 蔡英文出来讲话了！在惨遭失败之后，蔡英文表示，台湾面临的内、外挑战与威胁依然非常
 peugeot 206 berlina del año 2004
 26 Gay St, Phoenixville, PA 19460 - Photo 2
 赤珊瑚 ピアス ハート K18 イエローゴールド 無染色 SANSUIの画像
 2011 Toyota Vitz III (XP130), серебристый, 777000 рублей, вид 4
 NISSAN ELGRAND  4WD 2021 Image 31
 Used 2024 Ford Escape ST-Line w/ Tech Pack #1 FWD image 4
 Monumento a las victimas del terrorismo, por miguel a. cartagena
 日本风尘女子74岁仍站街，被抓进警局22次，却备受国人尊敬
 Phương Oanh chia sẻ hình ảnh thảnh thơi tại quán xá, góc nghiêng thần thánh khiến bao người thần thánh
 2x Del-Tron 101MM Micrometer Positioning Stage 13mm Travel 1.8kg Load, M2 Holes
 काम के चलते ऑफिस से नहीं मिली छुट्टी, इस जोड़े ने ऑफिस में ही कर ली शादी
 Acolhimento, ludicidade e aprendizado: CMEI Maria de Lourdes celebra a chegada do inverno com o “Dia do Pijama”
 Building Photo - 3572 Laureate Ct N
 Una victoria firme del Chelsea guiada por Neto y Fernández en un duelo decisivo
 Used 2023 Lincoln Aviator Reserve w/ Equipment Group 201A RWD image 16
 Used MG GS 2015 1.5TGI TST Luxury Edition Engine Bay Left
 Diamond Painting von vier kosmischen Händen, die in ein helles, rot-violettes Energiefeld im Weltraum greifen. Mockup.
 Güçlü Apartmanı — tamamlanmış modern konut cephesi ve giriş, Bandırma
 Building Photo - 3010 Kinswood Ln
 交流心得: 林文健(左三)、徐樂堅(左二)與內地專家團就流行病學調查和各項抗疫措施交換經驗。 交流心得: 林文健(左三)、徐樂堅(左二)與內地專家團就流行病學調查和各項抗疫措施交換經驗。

☆ ☆ ☆ ☆

Exercise objective: Looking at the listing above, how many of its lines contain "Building"? Say only the number.

Answer to the problem: 2